The effective solutions generally require the use of a cookie aet by the page on your site from which users are allowed to access your content, and a script that checks for the cookie before serving that content. A direct link to the script won't provide the proper cookie, so hotlinking won't work.

Jim

elftbrm

5:35 am on Nov 4, 2004 (gmt 0)

10+ Year Member



Thank you for the reply. Now I understand why the code wasn't working. But it is all still very new to me. Could you please explain to me what a cookie aet is, and how would I go about actually using it.

Thanks

jdMorgan

5:45 am on Nov 4, 2004 (gmt 0)

WebmasterWorld Senior Member 10+ Year Member



Yes, "a cookie aet" is "a cookie set" misspelled or with a missed-the-key-and-hit-the-one-next-to-it typo in it. Oops! ;)

... effective solutions generally require the use of a cookie set by the page on your site...

Jim

elftbrm

6:42 am on Nov 4, 2004 (gmt 0)

10+ Year Member



Thanks again...oops, I should have caught that myself. So I would have to set a cookie up and then set up a script that world not serve the content if the cookie isn't present? If this is right, where could I read up about making a cookie for my site. And also making the script. Totally clueless here, but I'm a quick learner.

jdMorgan

4:43 pm on Nov 4, 2004 (gmt 0)

WebmasterWorld Senior Member 10+ Year Member



Well, here's the original recipe for cookies: [wp.netscape.com...]

You can set cookies in many ways; by appending a header on the server side using a script or mod_headers, or by including client-side code (such as JavaScript) in the page you want to set the cookie.

After a cookie is set, the client (browser) will send the contents of the cookie with every request to the server (and only to the server that set it in the first place). The server can then check the cookie for name, scope, value, and validity -- whether it has the proper contents and whether it has expired. This can be done using server-side scripting or even by mod_rewrite. A cookie is nothing more than a small file stored on the client side that contains information to be included in the client request headers sent to a specific server.

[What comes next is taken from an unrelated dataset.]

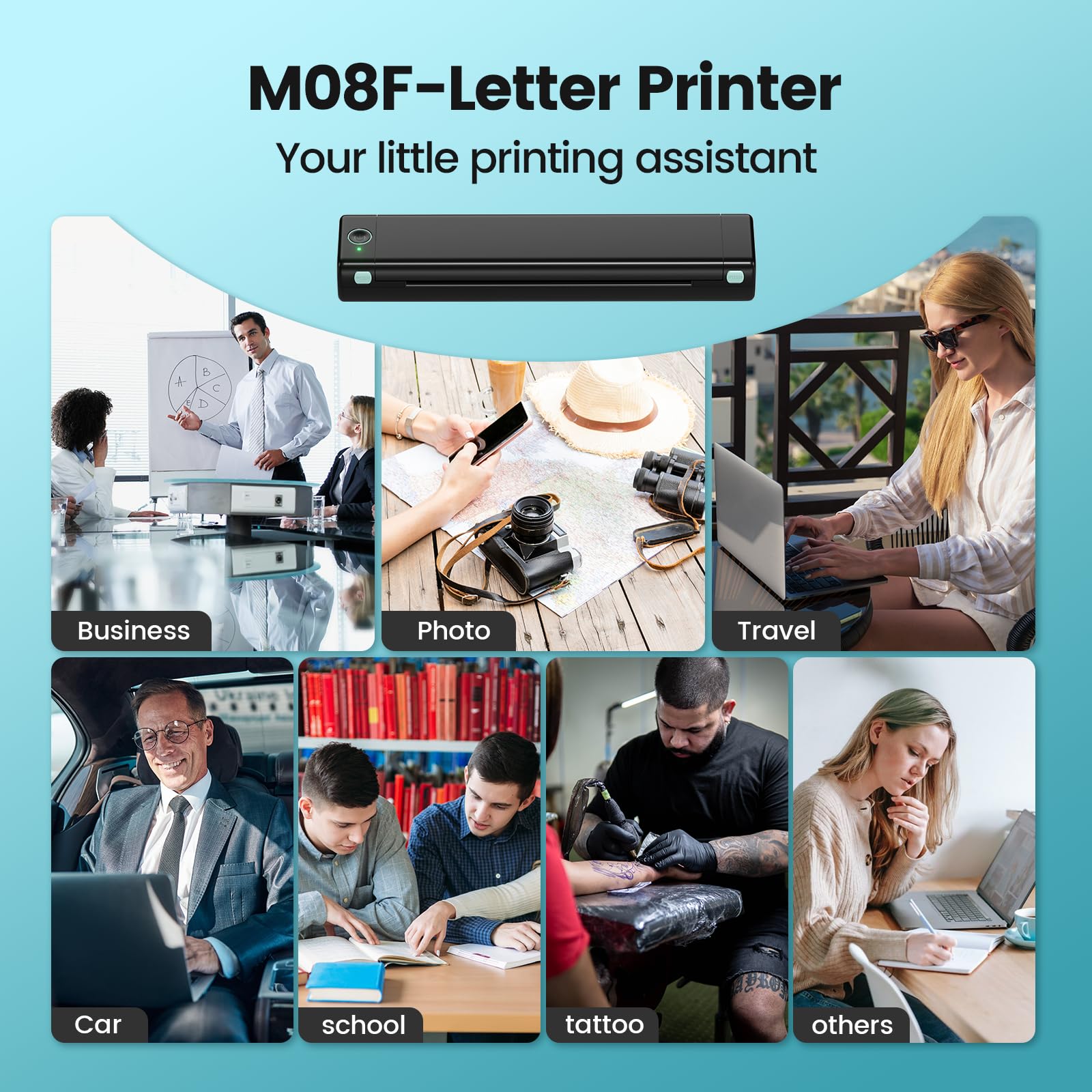 Portable Wireless Thermal Printer M08F - Bluetooth & USB-C Compatible for Phone, Tablet, PC - Print 8.5x11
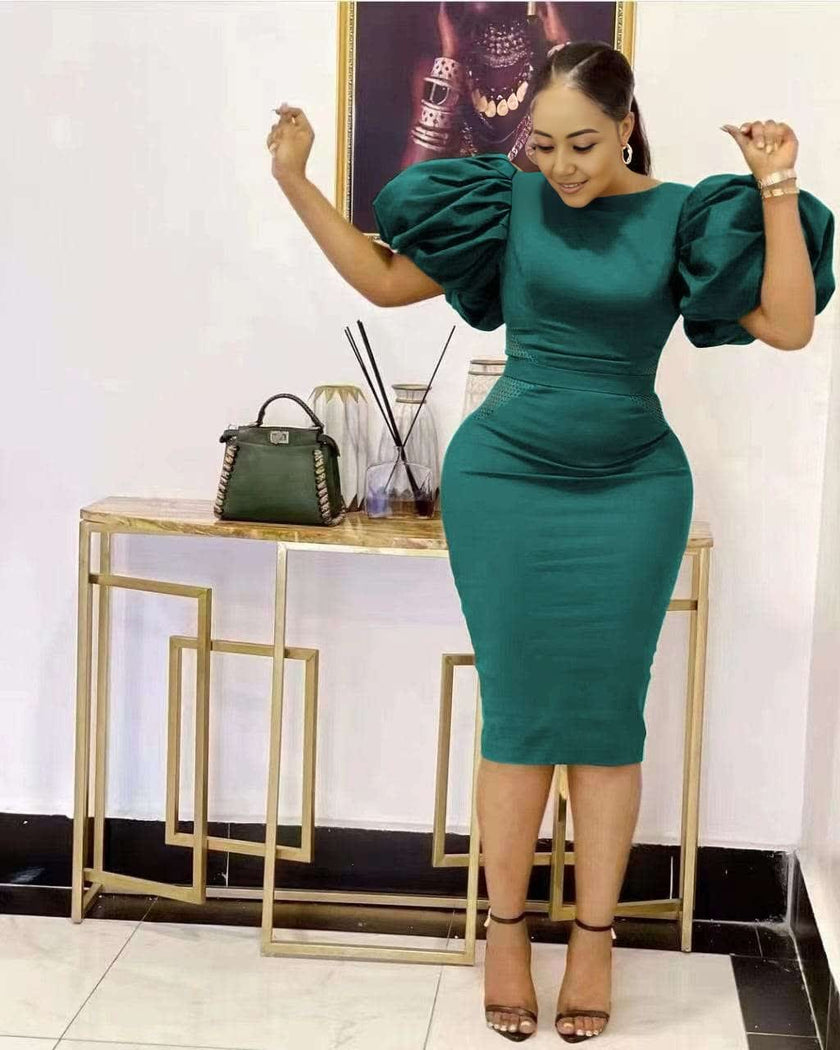 Teal puff sleeve bodycon midi dress with gathered shoulders and fitted waist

There are basically hundreds of ways to set up and test cookies, and so you may want to find the methods that you are most comfortable with and that will accomplish what you need to do. Use a search engine to look for ways of setting and testing cookies with the server and scripting languages you are most comfortable with. There are also several threads here at WebmasterWorld about cookies. There may be tutorials and pre-configured "packaged scripts" you can get or buy... I'm not sure, since I haven't looked.